PTI Securities & Futures
- Industry: Financial services
- Founded: 1991 in Chicago, Illinois
- Headquarters: Chicago, Illinois
- Products: Money management, discount stock brokerage, securities
- Website: PTISecurities.com

= PTI Securities & Futures =

American money management, securities and discount brokerage firm

PTI Securities & Futures is a money management, securities and discount brokerage firm with offices in Chicago, Illinois and Peoria, Arizona. Established in 1991, PTI Securities provides investors, fund managers and pension funds in the United States with investment consulting services.

== Products ==

PTI Securities provides three main products. The first is an online stock trading service that gives investors the ability to place stock trades online or by phone and receive PTI brokers’ assistance. The "Protected Index Program" is a managed money program or separately managed account(SMA) in which investors can tailor their investments to match their personal risk profile. And, PTI’s "ProDirect" brokerage service allows self-directed traders to trade online and obtain minimal broker assistance.

The privately owned company reported that, as of Dec. 31, 2008, its Protected Index Program beat the S&P 500 by 56.04% over the past 10 years, and beat the Russell 2000 Index (IWM) by 45.08% since its inception.

The Wall Street Journal and Pensions & Investments, an investment trade magazine, recognized PTI as one of the nation’s “top performing equity managers” in 2008, for the performance of its Protected Index Program, a separately managed account. In their stories, the two publications also reported that separately managed accounts (SMAs) outperformed mutual funds from 2006 through 2008, and unveiled new research from Morningstar research firm which found that SMAs beat mutual funds in 22 of 26 stock and bond categories during that time.
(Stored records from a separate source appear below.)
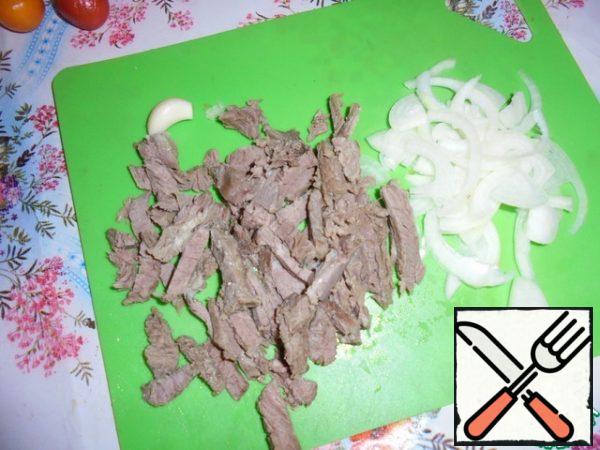 Peel the onion and cut it into half rings. Cut the boiled lamb into thin strips.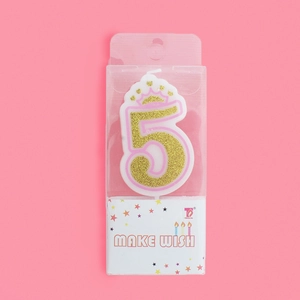 Detail of pink and gold number 5 birthday candle with crown and glitter in retail box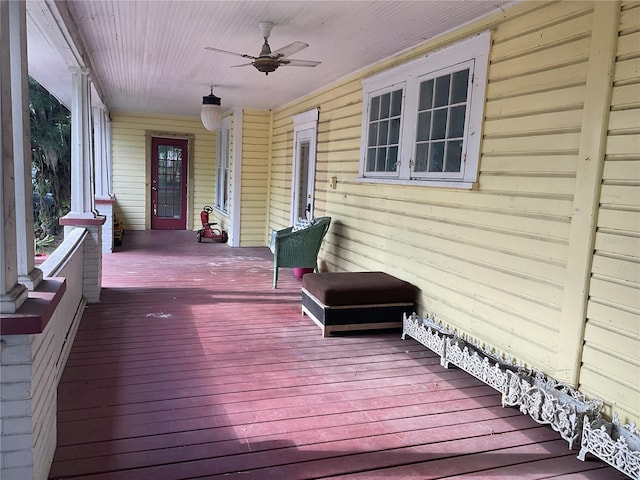 wooden terrace featuring ceiling fan and covered porch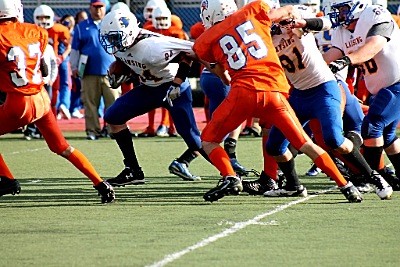 #84 Austin Edwards pushing his way through the Spartan defense for a first down football 1015H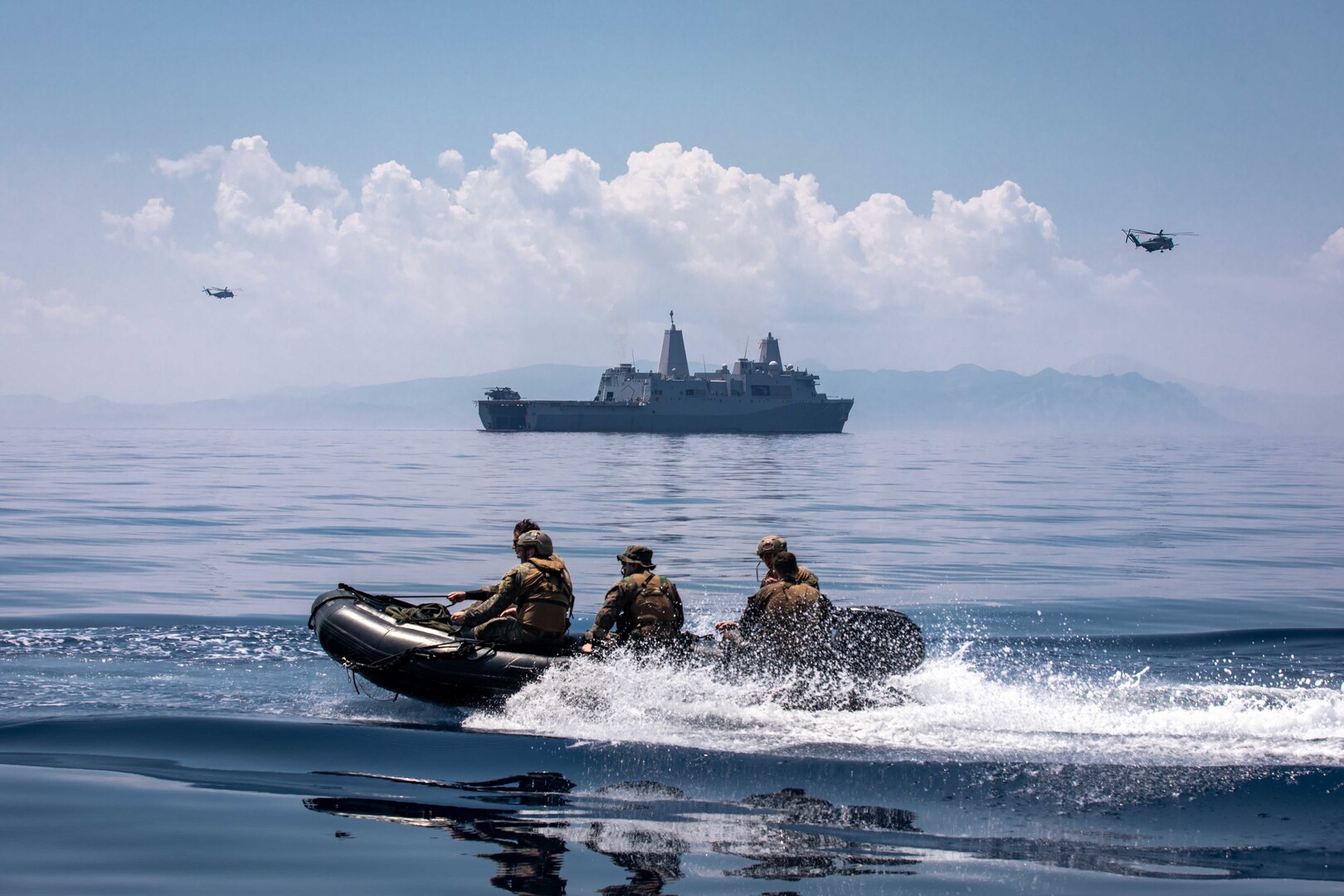 (May 16, 2022) U.S. Marines attached to the 22nd Marine Expeditionary Unit return to the San Antonio-class amphibious transport dock ship USS Arlington (LPD 24) in a combat rubber raiding craft after joint training with Hellenic Armed Forces off the coast of Skyros Island, Greece, May 16, 2022. Arlington, with embarked 22nd Marine Expeditionary Unit, is participating in exercise Alexander the Great 2022 under the command and control of Task Force 61/2. Alexander the Great 22 strengthens interoperability and force readiness between the U.S., Greece, and Allied nations, enhancing strategic defense and partnership while promoting security and stability in the region.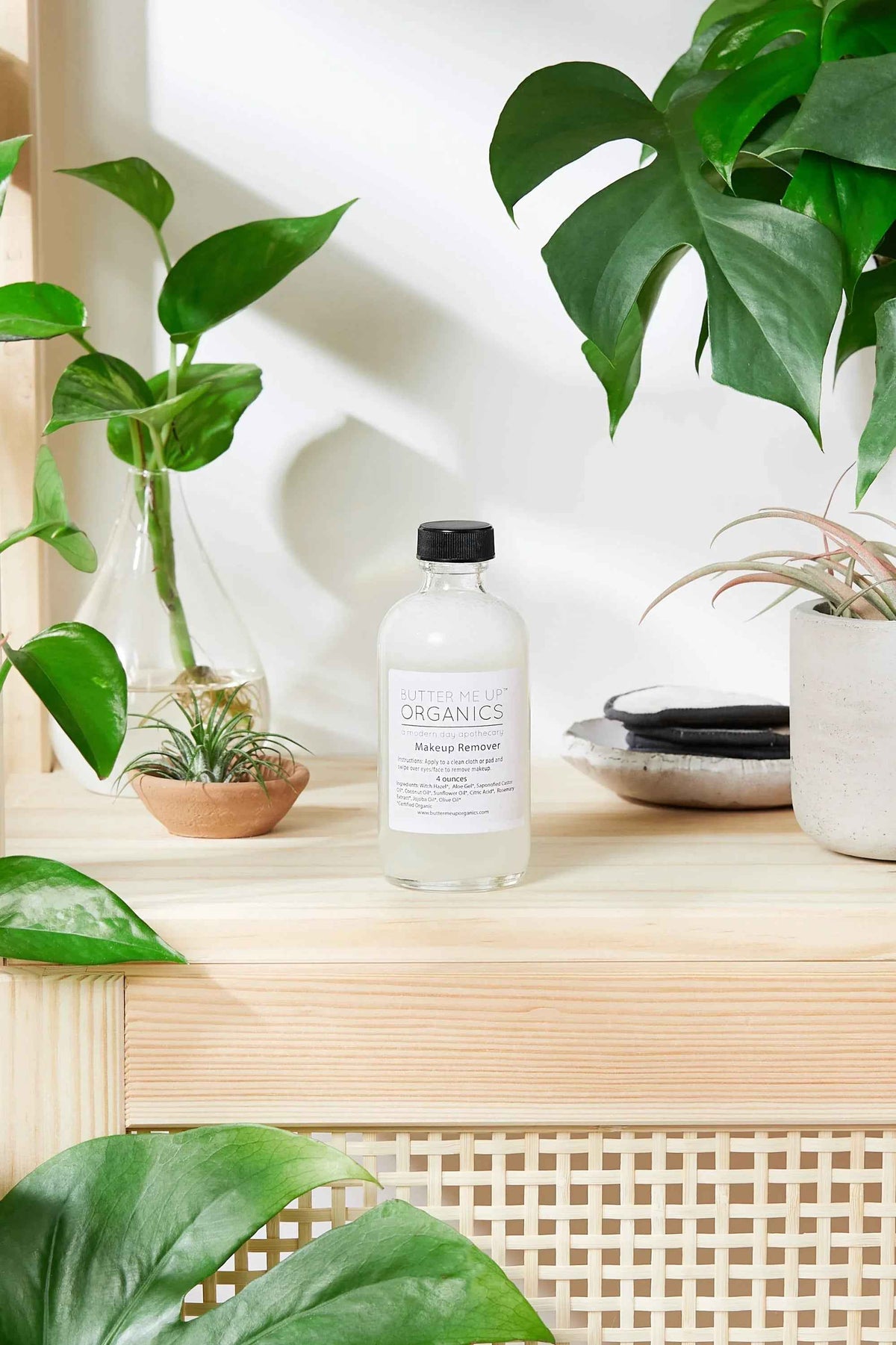 4 oz recycled glass bottle of organic makeup remover from TrustyMall with natural ingredients.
Investment News recognized the Protected Index Program as one of the most successful equity fund strategies for the year ended March 31, 2009.

With the Dow Jones Industrial Average losing 33.8% in 2008, its worst performance since 1931 during the Great Depression, many investors are looking for protection from market risk and future losses.

== Investor Education ==

CNBC-TV and other major U.S. media seek PTI Securities management officials for their investment and market analysis expertise.
 Businesses and organizations turn to the firm’s management to get their information and analysis.
To communicate with investors, the company’s management makes presentations on investment tools. PTI Securities is best known in the Chicago metropolitan area in part because Principal Tom Haugh co-hosted “Stocks and Jocks,” a daily investment analysis program on Chicago sports radio station WSCR from 2001 to 2008. As of February 1, 2010 this show airs daily on 1240AM WSBC Chicago.

Tom Haugh also publishes a “Dollars & Sen$e” informational blog giving his analysis of the latest key market, economics and finance developments.

In June 2009, President Dan Haugh wrote an article published in Stocks, Futures and Options Magazine, where he emphasized the importance of investors “insuring” their investments by using options to lessen the chance of stock investment losses such as the stock market’s major drop in 2008. In the story, Haugh said “… the age of using the option product as an investment risk-management tool is upon us.”

== History ==
Before establishing the firm, Tom and Dan Haugh and their other senior management were traders at the Chicago Board Options Exchange (CBOE).

The CBOE lists the company as among Trading Firm Contacts that investors can consider. PTI Securities & Futures is a member of the Securities Investor Protection Corporation (SIPC), Financial Industry Regulatory Authority (FINRA), and the National Futures Association (NFA).